Please restate, word for word, each line from the one containing "Light Olive Color" through the end of the entries below.

[Records from a collection]
──────────

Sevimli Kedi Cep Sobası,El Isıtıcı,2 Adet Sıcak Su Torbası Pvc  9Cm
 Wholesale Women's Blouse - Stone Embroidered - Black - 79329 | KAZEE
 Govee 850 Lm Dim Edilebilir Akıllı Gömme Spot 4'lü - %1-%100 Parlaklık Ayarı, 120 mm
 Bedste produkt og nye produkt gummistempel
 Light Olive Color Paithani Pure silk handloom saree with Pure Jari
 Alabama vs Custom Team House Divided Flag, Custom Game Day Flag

──────────

# [Task output]
 Light Olive Color Paithani Pure silk handloom saree with Pure Jari
 Alabama vs Custom Team House Divided Flag, Custom Game Day Flag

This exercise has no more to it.